I'm in Des Moines. Got a manual Downloaded and I think I'm going to order the carb rebuild kit it's only $20 I couldn't believe how much crap has to come off just to get to the carb.


----------



## cammobruteforce750 (Oct 14, 2010)

lol ooh yeah definately not a 2 stroke.


----------



## SlurpJ (Oct 16, 2010)

Well I got the screw off with my $2 L screwdriver, some things just pay for themselves? Pulled the carb apart and really is pretty simple I guess looks can be deceiving sometimes! All in all it was pretty clean, some small stuff in the bottom of the bowl but I've ran much worse! Got my battery and couple oil filters to flush all the gas out the crankcase but the weekends over and it's on to work for the week, dammit. Hopefully I'll get her fired up next weekend and my fingers are crossed the bottom end isn't trashed. Just figured up my tab including the price of the atv and I'm at $136.58 so far!!!


----------



## rmax (Nov 21, 2009)

good luck with your project, sounds like a very sweet deal , let me know if you want your money back-lol


----------



## SlurpJ (Oct 16, 2010)

So I cleaned the carb and put it back on w/o rebuild kit because from what I read I need to play with the jetting anyways. So I go to yank on the pullstarter to try and circulate alittle oil and she pops off first pull! Engine sounds decent not hearing any bottom end noises anyways(not yet fingers crossed) the top end sounds like I'm hearing some rattles? Thats my best description anyway, is this normal? I'm thinking valves might need adjusted a bit. I've only had it running for about 10 minutes at a time but it wouldn't run w/o the choke on, Is this normal at 60 degrees? I've heard they take awhile to warm up but how long? Would richening the main jet help, if so what size? And how long should the KEBC run after shutting off the key? Lotta questions I know I thank you all in advance!!


----------



## gpinjason (Nov 10, 2009)

SlurpJ said:


> So I cleaned the carb and put it back on w/o rebuild kit because from what I read I need to play with the jetting anyways. So I go to yank on the pullstarter to try and circulate alittle oil and she pops off first pull! Engine sounds decent not hearing any bottom end noises anyways(not yet fingers crossed) the top end sounds like I'm hearing some rattles? Thats my best description anyway, is this normal? I'm thinking valves might need adjusted a bit. I've only had it running for about 10 minutes at a time but it wouldn't run w/o the choke on, Is this normal at 60 degrees? I've heard they take awhile to warm up but how long? Would richening the main jet help, if so what size? And how long should the KEBC run after shutting off the key? Lotta questions I know I thank you all in advance!!

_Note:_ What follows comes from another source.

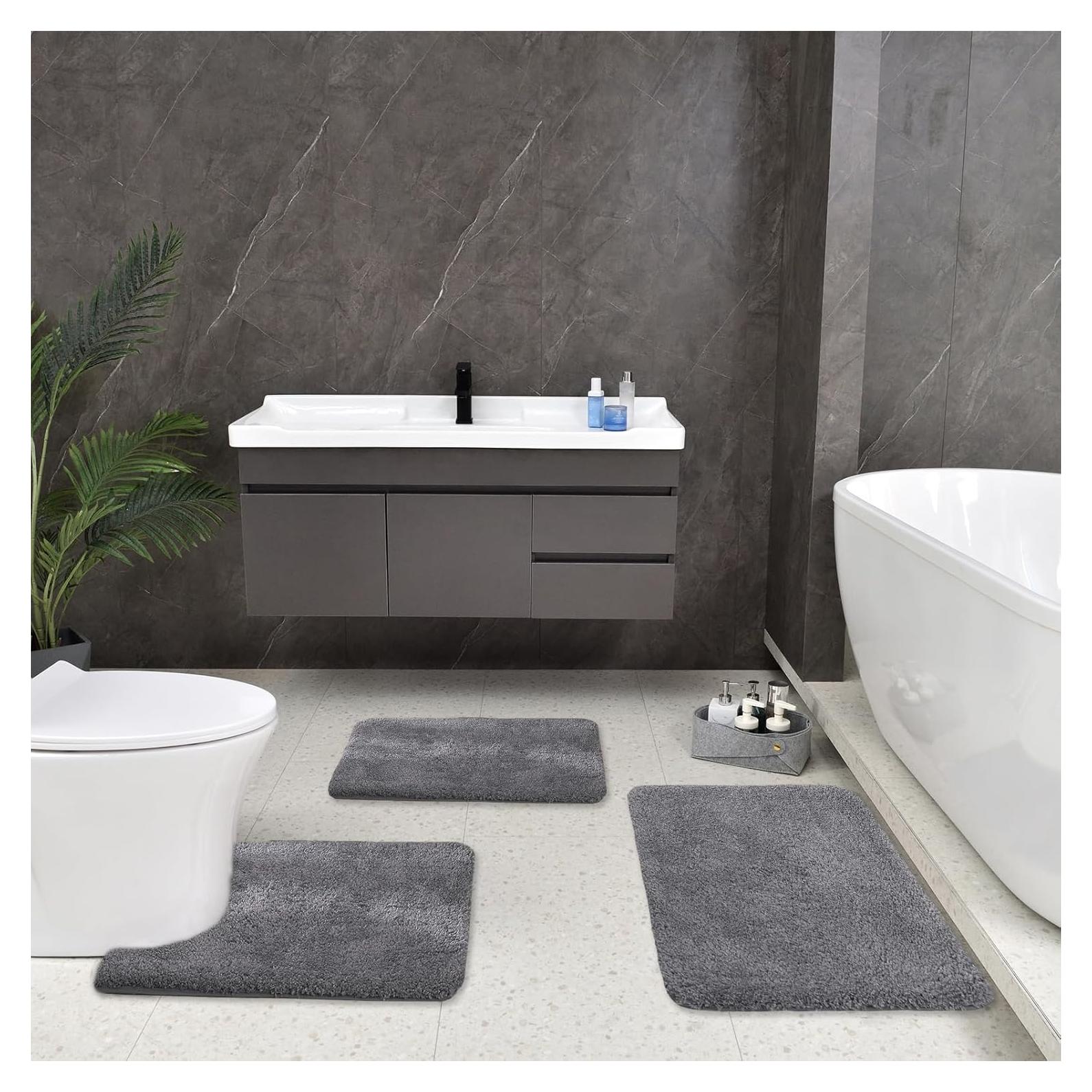 Conjunto de Alfombrillas de Baño wyewye 3 Piezas Antideslizantes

could be as simple as you need to adjust the idle screw a little bit... and the rattling... i guess it could be valves or maybe timing chain a little loose...(if it has one?) also not wanting to idle could be caused by valves...


----------



## lil'prairie (Oct 18, 2010)

What ever happened with the bike? I just got my quad back after a long move and I have the gas in the crank case problem and it won't idle. Curious as to what fixed this.


----------



## DaveMK1 (Nov 8, 2009)

lil'prairie said:


> What ever happened with the bike? I just got my quad back after a long move and I have the gas in the crank case problem and it won't idle. Curious as to what fixed this.


Chances are if your quad was layed up for a period of time your float got stuck open (if your bike is carburtrated) and you washed your cylinder walls with gas that in turn leaked to your crank case.


----------



## SlurpJ (Oct 16, 2010)

I think I got some sand that got caught and held the float open. It's a really clean quad bit there was some sand in the carb, as for the idling replace the pilot jet they have a very tiny hole that gets easily plugged especially of you run ethanol it'll gum them up. Mine was only $5 to replace give everything a good cleaning while your at it.


----------



## lil'prairie (Oct 18, 2010)

Thanks I appreciate you getting back to me.


----------



## foot0069 (Feb 4, 2011)

Hey y'all. Newbie here glad ta meet ya!!! I just got one of these as a fixer upper myself. Lookin at it the carb is just about the same as on my ol Bayou 300. I had a gas in the crankcase issue with that one bad. After tryin to make it work finally found a little gash in the float needle seat. Tried to burnish it out and put in a new valve no joy. These CVK carbs have a pressed in seat so there is no replacing it. Wound up with a new carby. Good luck if cleaning and or a new valve doesn't cure it get a good light and a magnifing glass and check out the seat.
Jim


----------